Required action: Please write out every record exactly, but keep any images out of it.
━━━ Record extracts ━━━
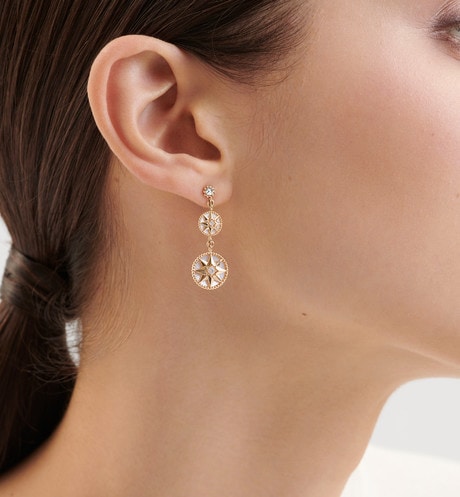 Rose Des Vents Earrings • Yellow Gold, Diamonds and Mother-of-Pearl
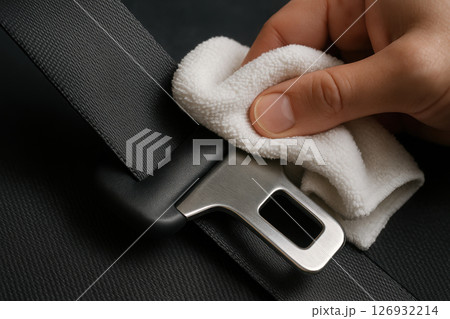 Hand using white cloth to clean car seatbelt buckle for hygiene and safety, close up of careful maintenance and care, AI Generative Hand using white cloth to clean car seatbelt buckle for hygiene and safety, close up of careful maintenance and care, AI Generative 126932214
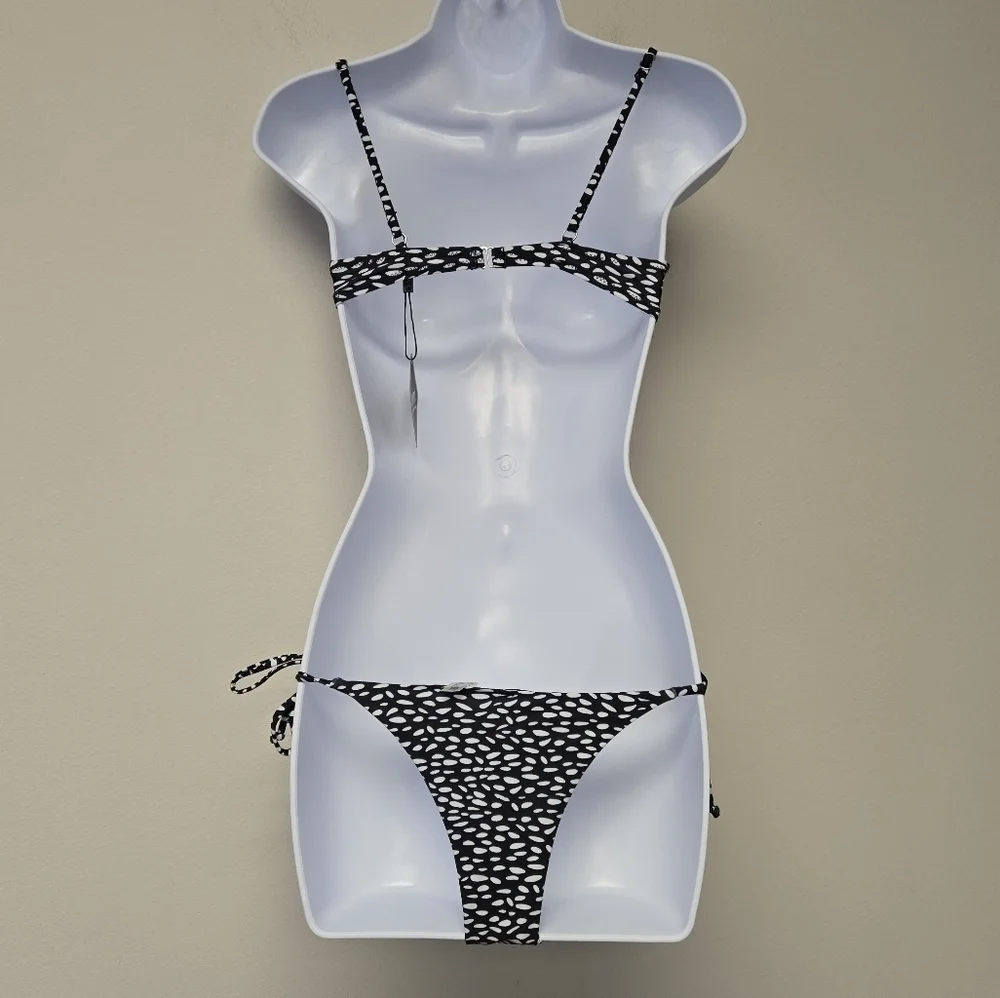 Zaful bikini two piece set black white dots S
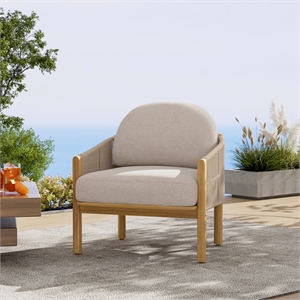 Pemberly Row Outdoor Wood Club Chair with Beige Rope Cushions
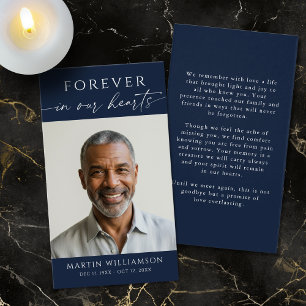 Minimale Forever Hearts Foto-Trauer-Gebetskarte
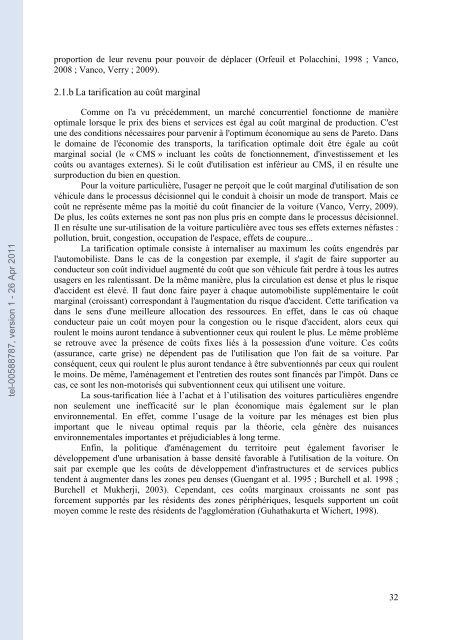 Formes urbaines et durabilité du système de transports. Une ...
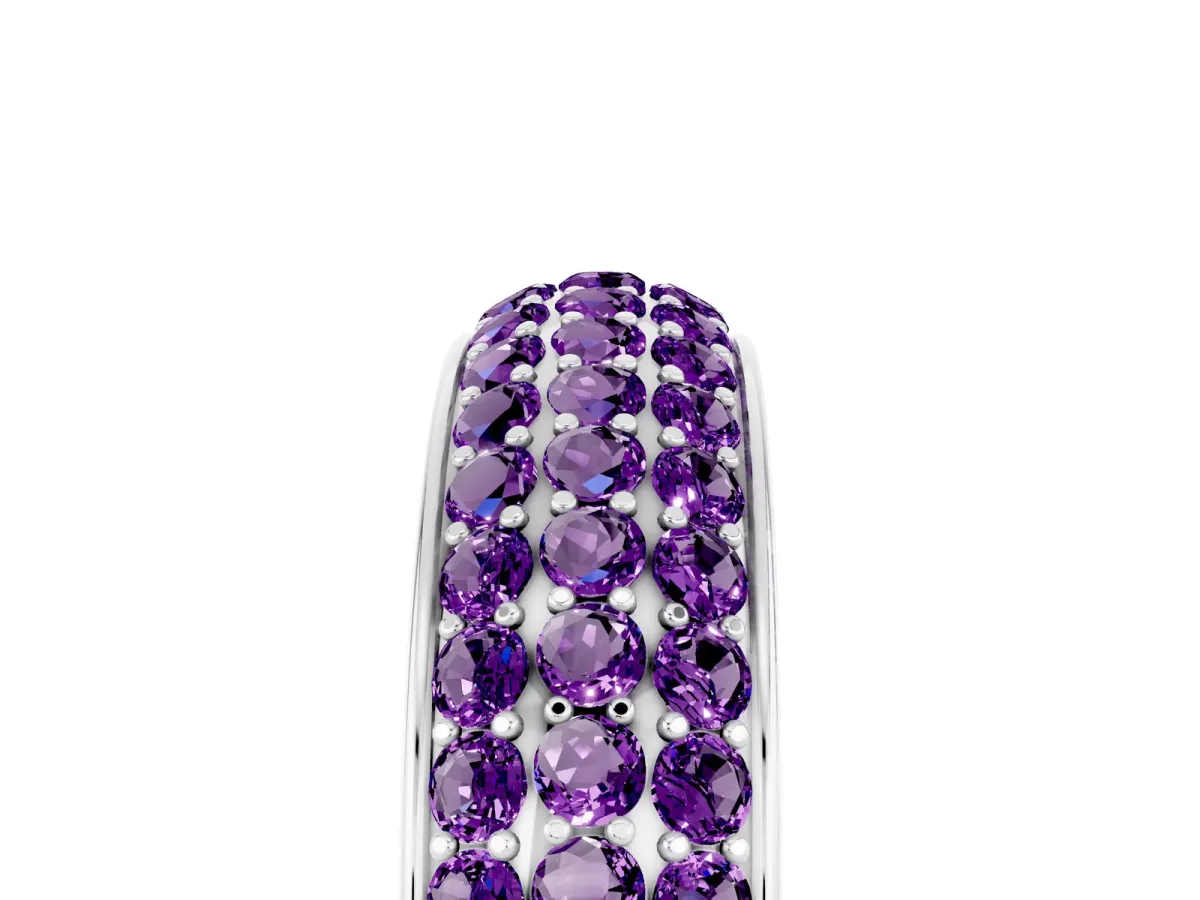 Three-Row Round Amethyst Eternity Band with Shared Prong Setting White gold
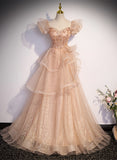 Cute A-line Shiny Tulle with Lace Off Shoulder Party Dress, Long Floor Length Prom Dress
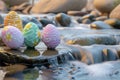 A serene Zen garden scene with Easter eggs painted in calm, soothing colors flowing water Royalty Free Stock Photo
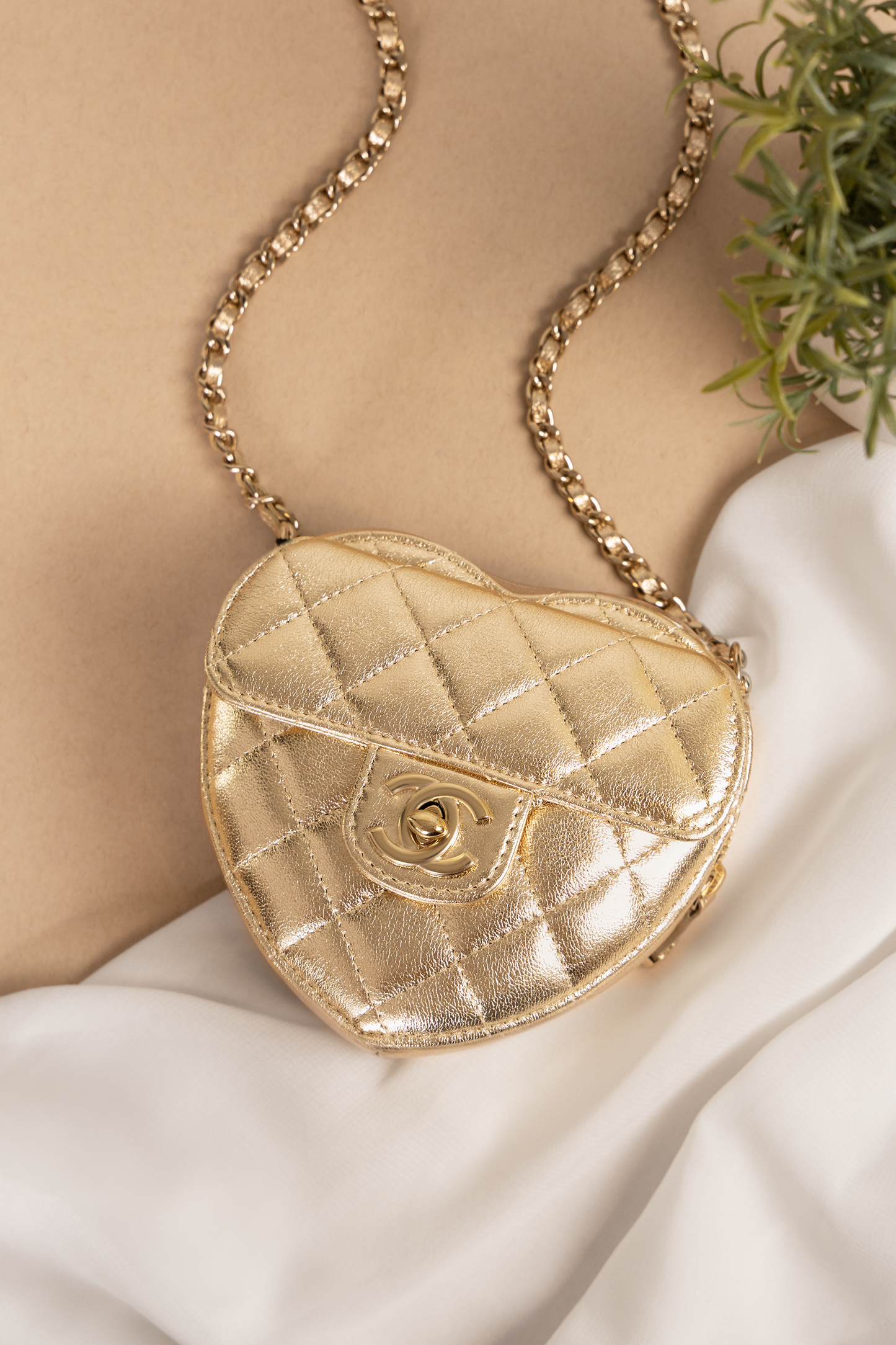 Chanel Mini Heart Bag in Light Gold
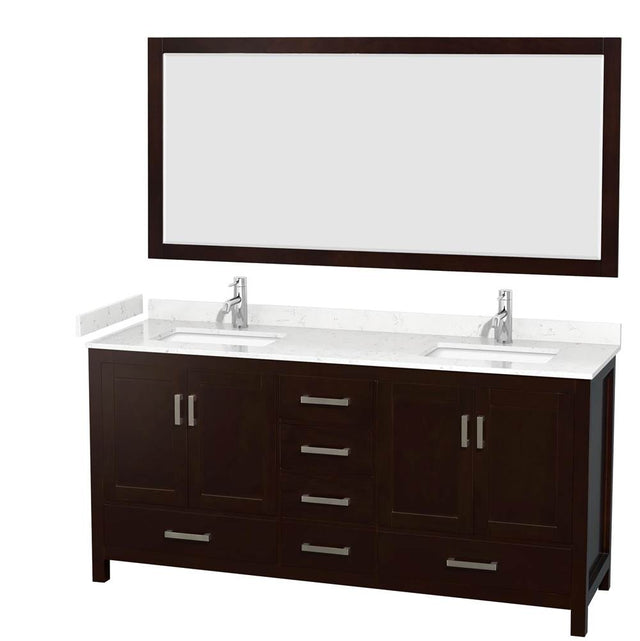 Wyndham Collection - Sheffield 72 Inch Double Bathroom Vanity in Espresso, Carrara Cultured Marble Countertop, Undermount Square Sinks, 70 Inch Mirror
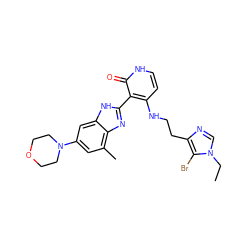 CCn1cnc(CCNc2cc[nH]c(=O)c2-c2nc3c(C)cc(N4CCOCC4)cc3[nH]2)c1Br ZINC000029040911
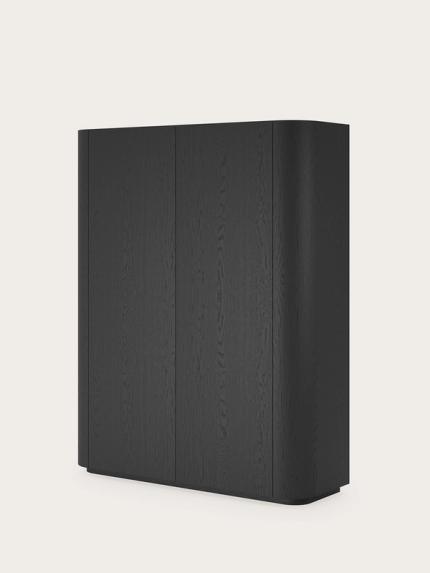 Armoire Rondato en bois noir avec des côtés arrondis et trois portes, façade épurée sans poignées visibles.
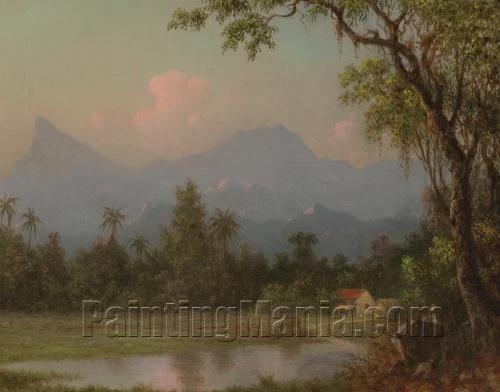 South American Scene with a Cabin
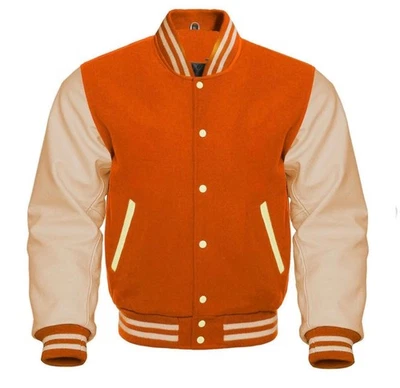 High Quality  Letterman Wool & Cowhide Leather Sleeves  Bomber  Varsity Jacket - Image 1 of 4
━━━
Response for this exercise:
 Rose Des Vents Earrings • Yellow Gold, Diamonds and Mother-of-Pearl
 Hand using white cloth to clean car seatbelt buckle for hygiene and safety, close up of careful maintenance and care, AI Generative Hand using white cloth to clean car seatbelt buckle for hygiene and safety, close up of careful maintenance and care, AI Generative 126932214
 Zaful bikini two piece set black white dots S
 Pemberly Row Outdoor Wood Club Chair with Beige Rope Cushions
 Minimale Forever Hearts Foto-Trauer-Gebetskarte
 Formes urbaines et durabilité du système de transports. Une ...
 Three-Row Round Amethyst Eternity Band with Shared Prong Setting White gold
 Cute A-line Shiny Tulle with Lace Off Shoulder Party Dress, Long Floor Length Prom Dress
 A serene Zen garden scene with Easter eggs painted in calm, soothing colors flowing water Royalty Free Stock Photo
 Chanel Mini Heart Bag in Light Gold
 Wyndham Collection - Sheffield 72 Inch Double Bathroom Vanity in Espresso, Carrara Cultured Marble Countertop, Undermount Square Sinks, 70 Inch Mirror
 CCn1cnc(CCNc2cc[nH]c(=O)c2-c2nc3c(C)cc(N4CCOCC4)cc3[nH]2)c1Br ZINC000029040911
 Armoire Rondato en bois noir avec des côtés arrondis et trois portes, façade épurée sans poignées visibles.
 South American Scene with a Cabin
 High Quality  Letterman Wool & Cowhide Leather Sleeves  Bomber  Varsity Jacket - Image 1 of 4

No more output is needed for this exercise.